What do MPs do?

This winter session of Parliament, in which the opposition and the government exhausted so much political capital over forcing and winning, respectively, a vote on foreign direct investment (FDI) in multi-brand retail came to a rather quiet close this week. In the days after, as number crunchers conclude an audit — hours lost to adjournments, volume of legislation taken up, passed, etc — it is an opportune moment to inquire, what is it that members of Parliament do?

Or, as a former Labour member of Britain's House of Commons poses it in a collection of writing, Doing Politics, what are MPs for? Walking through the steps of Tony Wright's answer is instructive, not least because it casts in clearer relief the lack of disquiet this month over the crisis framed by the chairman of the Rajya Sabha when he threw his hands in the air and suggested the extreme step of rescheduling Question Hour or even abandoning it altogether. (As an indication of the magnitude of the abandonment already happening, according to an aggregation by PRS Legislative Research, in the winter session till December 18, the Lok Sabha had taken up only 41 of the 360 questions listed for oral answers, and the Rajya Sabha only 33.)

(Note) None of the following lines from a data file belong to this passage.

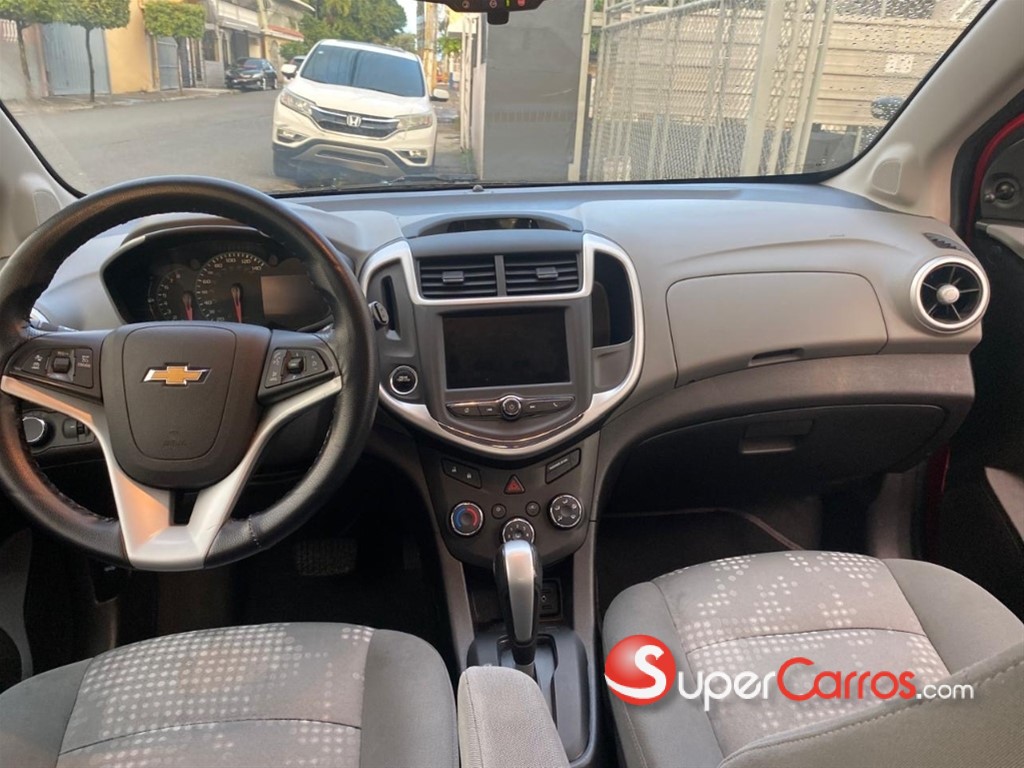 2020 Chevrolet Sonic LT — foto 9 / 10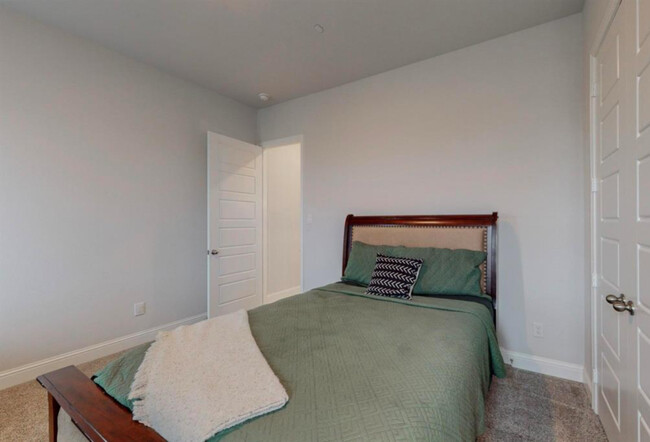 2nd Floor Room with Full Bathroom (Room 2) - 2510 Plumas Dr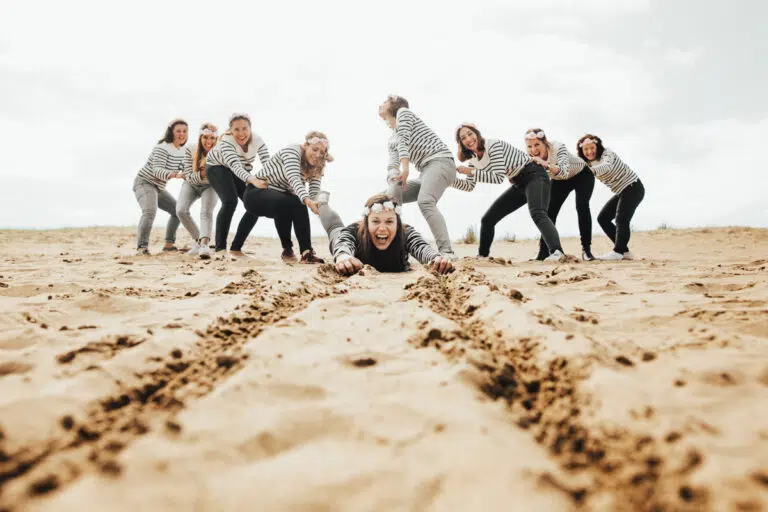 groupe d'amies s'amusant sur le sable lors d'un evjf à st brevin les pins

Wright's question is posed amidst his larger ambition to present a defence of politics and politicians in these times when their absolutely pivotal role in underwriting basic liberties in a democracy is so glibly discounted. He notes that breaking down the job description of an MP to its bare essentials — of seeing to one's constituents, voting in divisions, and serving on committees — does not quite capture the nature of the task. Neither, he adds, does a more thorough list of the functions an MP performs tabulated by a Commons committee: such as supporting her party in Parliament, in government or in opposition; representing constituents individually and as a constituency; holding the government to account by scrutinising its functioning, challenging it and nudging it in certain direction; initiating, scrutinising and giving final shape to legislation; shaping policy, on the floor of the House and in committees, and explaining her party's position to the public.